Natan Gamedze (born 1963, Swaziland) is a Haredi rabbi and lecturer. Born to the royal lineage of the Gamedze clan of the Kingdom of Eswatini, he converted to Judaism, received rabbinic ordination, and now lectures to Jewish audiences all over the world with his personal story as to how an African prince became a Black Haredi Jewish rabbi.

==Family background==
Gamedze's grandfather was the king of Swaziland. But the British, who had colonized southern Africa and created the states of Swaziland, Basutoland, and Bechuanaland, drew their own borders which lumped diverse ethnic groups into the same state. The British also chose a rival royal family to rule Swaziland, compensating the Gamedze clan with ministerial positions. Gamedze's father lost the title of "king" but became known as "paramount chief", and was also named minister of education and ambassador to the EEC countries.

Scholarly history of Swaziland shows that the independent chiefdom or small kingdom ruled by members of the Gamedze clan was initially conquered and incorporated into the growing Ngwane kingdom ruled by members of the Dlamini clan sometime in the late 18th or early 19th century, long before British colonization. The Gamedze clan is classified among the Emakhandzambili category of clans ("those found ahead") according to Swazi royalist tradition, meaning that they were on the land prior to Dlamini immigration and conquest, as opposed to the Bomdzabuko ("true Swazi") who accompanied the Dlamini kings, and the Emafikemuva ("those who came behind") who joined the kingdom later. Emakhandzambile clans initially were incorporated with wide autonomy, and often in part by granting them special ritual and political status, but the extent of their autonomy was drastically curtailed by King Mswati II, including the Gamedze, whom Mswati attacked and subdued in the 1850s.

==Early life and education==
Gamedze was one of eight children born to his parents in Swaziland. He grew up in Swaziland until the age of eight and was educated in private schools there and in London. He went on to earn his Honours at the University of Oxford, earning his undergraduate and post-graduate degrees in Modern Languages and Translations, majoring in German, Italian, and French. He received his master's degree at University of the Witwatersrand in 1987. By 1988 he was an official translator of the German language for the Supreme Court of South Africa. He is fluent in 14 languages, half of them European and the other half African.
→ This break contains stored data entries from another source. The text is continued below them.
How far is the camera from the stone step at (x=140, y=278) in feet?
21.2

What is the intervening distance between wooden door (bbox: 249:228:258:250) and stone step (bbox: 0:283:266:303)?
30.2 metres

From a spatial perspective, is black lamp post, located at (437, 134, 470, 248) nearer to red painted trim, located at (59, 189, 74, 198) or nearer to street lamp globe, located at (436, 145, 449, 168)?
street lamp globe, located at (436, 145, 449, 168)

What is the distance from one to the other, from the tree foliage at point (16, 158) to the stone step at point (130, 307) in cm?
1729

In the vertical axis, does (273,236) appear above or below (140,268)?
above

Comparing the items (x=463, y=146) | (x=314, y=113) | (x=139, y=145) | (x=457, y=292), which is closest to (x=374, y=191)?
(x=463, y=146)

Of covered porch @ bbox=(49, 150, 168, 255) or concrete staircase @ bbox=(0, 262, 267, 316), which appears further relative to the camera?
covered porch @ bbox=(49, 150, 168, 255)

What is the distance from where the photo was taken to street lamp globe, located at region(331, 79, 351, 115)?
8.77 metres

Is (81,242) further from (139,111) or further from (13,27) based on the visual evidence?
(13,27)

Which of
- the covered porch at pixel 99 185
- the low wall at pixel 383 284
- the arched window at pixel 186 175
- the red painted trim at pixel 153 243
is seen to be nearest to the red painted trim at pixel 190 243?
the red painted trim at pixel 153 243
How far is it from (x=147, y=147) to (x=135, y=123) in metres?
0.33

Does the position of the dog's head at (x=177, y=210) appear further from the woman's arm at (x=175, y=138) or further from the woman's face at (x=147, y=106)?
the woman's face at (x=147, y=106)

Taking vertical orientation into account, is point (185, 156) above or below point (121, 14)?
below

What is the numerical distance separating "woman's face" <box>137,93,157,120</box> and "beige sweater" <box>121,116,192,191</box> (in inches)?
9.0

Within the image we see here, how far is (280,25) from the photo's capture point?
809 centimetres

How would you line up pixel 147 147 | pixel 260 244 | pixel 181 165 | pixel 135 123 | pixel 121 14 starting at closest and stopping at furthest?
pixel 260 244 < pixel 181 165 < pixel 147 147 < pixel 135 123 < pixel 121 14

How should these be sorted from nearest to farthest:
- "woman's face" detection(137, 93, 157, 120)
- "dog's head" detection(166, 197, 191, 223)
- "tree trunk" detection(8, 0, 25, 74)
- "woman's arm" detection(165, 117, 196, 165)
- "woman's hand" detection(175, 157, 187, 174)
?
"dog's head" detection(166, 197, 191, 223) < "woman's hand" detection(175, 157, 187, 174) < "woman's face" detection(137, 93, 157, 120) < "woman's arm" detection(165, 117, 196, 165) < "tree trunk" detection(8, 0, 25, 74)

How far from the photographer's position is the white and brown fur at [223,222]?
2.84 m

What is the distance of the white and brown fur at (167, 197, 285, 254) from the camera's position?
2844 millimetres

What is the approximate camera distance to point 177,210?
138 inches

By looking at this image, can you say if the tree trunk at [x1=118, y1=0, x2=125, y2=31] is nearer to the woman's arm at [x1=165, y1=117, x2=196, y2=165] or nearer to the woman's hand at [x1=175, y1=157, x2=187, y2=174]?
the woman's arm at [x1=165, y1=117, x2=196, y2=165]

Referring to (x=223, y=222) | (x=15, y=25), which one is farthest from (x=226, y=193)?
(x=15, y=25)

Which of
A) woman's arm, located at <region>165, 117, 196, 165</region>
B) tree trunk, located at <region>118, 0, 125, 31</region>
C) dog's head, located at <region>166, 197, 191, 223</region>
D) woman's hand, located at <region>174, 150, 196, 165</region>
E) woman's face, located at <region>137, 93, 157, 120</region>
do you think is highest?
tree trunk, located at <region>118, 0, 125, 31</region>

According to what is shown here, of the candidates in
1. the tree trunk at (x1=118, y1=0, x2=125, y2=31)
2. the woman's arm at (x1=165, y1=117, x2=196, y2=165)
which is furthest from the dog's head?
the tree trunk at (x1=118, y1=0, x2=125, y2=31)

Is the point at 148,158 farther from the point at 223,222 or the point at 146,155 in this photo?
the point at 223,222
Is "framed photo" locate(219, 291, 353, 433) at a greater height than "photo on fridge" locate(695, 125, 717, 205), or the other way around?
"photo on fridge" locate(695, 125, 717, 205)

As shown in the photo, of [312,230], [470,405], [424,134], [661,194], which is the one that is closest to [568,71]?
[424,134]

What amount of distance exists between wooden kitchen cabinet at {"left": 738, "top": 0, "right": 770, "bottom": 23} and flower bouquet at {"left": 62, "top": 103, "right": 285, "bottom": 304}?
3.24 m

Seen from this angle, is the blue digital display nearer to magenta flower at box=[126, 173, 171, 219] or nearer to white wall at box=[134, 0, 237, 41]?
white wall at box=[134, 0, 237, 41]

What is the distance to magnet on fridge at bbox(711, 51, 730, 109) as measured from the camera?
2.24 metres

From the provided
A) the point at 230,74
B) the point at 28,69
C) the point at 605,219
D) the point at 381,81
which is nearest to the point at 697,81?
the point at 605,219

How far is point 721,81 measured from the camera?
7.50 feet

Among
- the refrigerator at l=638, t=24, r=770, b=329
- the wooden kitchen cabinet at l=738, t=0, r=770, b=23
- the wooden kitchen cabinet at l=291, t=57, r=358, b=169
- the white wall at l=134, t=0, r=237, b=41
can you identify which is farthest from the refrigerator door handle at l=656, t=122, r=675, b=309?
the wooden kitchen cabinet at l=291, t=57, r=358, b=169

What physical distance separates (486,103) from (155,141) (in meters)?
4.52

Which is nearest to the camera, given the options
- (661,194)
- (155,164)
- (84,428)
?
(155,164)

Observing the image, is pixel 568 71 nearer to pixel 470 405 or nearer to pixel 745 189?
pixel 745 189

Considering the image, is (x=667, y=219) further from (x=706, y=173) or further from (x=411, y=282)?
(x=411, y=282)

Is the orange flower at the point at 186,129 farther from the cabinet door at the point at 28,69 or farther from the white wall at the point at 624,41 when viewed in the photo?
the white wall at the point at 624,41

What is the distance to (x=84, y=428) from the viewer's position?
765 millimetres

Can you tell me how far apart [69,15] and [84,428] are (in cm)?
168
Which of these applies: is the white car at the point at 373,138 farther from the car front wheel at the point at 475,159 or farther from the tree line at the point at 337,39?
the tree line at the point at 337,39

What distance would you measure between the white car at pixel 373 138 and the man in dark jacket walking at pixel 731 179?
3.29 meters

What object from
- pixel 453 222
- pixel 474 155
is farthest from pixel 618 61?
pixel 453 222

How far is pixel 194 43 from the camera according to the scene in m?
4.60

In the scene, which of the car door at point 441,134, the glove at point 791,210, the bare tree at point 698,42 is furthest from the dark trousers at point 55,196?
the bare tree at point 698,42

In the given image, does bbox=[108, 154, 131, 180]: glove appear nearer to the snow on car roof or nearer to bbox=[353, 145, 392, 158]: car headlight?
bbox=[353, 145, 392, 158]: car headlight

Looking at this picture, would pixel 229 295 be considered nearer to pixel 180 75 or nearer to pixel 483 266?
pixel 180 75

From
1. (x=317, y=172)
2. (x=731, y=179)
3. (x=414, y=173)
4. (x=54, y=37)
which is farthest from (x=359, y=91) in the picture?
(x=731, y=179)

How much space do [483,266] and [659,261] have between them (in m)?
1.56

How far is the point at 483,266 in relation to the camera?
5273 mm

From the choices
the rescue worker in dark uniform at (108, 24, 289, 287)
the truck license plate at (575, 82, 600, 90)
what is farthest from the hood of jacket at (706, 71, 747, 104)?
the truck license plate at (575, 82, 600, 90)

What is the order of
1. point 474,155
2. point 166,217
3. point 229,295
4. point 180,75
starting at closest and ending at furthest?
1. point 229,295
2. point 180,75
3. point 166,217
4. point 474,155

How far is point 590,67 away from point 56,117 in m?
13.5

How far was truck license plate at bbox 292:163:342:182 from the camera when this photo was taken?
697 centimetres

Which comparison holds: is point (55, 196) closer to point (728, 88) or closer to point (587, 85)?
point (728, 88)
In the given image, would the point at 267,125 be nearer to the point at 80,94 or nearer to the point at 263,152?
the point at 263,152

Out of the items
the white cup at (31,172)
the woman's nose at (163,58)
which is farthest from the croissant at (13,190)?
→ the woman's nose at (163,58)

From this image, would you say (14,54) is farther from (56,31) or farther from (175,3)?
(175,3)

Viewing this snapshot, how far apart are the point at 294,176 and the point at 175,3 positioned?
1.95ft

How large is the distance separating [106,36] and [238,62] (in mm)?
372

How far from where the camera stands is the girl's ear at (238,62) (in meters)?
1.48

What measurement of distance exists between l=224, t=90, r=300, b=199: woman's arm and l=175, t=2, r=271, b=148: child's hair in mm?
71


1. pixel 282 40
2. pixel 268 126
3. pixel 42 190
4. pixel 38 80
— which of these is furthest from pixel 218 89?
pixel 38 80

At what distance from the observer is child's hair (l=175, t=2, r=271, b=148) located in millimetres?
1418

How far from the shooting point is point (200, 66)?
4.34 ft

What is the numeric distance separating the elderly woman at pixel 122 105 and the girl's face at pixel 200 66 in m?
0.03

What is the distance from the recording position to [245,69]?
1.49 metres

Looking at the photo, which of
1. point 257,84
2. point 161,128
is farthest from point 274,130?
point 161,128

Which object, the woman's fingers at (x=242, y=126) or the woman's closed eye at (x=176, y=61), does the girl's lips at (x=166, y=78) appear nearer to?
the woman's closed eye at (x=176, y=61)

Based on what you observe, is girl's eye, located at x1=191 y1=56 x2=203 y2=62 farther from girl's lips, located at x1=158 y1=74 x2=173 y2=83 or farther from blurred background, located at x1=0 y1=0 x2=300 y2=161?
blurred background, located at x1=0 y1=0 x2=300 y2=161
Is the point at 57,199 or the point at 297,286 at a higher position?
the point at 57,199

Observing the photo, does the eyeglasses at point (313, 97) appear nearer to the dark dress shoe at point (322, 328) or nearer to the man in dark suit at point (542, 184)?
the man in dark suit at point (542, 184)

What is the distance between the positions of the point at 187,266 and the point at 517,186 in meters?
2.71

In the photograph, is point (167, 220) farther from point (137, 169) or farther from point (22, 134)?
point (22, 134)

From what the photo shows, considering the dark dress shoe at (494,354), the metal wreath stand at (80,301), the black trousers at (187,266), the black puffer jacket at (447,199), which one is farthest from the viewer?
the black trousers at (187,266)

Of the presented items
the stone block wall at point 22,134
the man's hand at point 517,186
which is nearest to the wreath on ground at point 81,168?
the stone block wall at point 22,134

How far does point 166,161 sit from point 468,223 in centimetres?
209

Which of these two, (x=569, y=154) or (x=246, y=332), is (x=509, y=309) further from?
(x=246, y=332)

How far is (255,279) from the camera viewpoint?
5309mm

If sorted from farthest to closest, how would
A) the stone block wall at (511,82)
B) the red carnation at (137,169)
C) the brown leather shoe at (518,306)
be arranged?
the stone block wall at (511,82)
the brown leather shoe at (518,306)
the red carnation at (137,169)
In an Italian literature class at Wits, he noticed someone writing from right to left in his notebook and found out that the language was Hebrew. Later he decided to take a Hebrew language course at that university, which sparked his interest in Jewish texts. Upon the invitation of Moshe Sharon, a professor at Hebrew University of Jerusalem, he came to Israel to study for a doctorate in Hebrew language. While in Israel, he took philosophy classes at Ohr Somayach Yeshiva in Jerusalem, and converted to Judaism in 1991. He continued to learn at Ohr Somayach for another four years. Among his study partners was Dr. Henry Abramson. From 1995 to 2000 he took advanced Talmudic classes at the Brisk yeshiva in Jerusalem's Old City, where he received his rabbinic ordination.

Toward the end of his time at Brisk, Gamzede was introduced to his wife, Shayna Golda Gordon, a baalat teshuva (returnee to Orthodox Judaism) from New York who had studied at Neve Yerushalayim. They lived in Beitar Illit for the first two years of their marriage, where Gamzede learned in a kollel. For the next five years they resided in Safed, where Rabbi Gamzede taught at Yeshivat Shalom Rav and the Shaarei Bina seminary. Then Gamzede began lecturing for an international kiruv organization. The couple now lives in Jerusalem with their two children.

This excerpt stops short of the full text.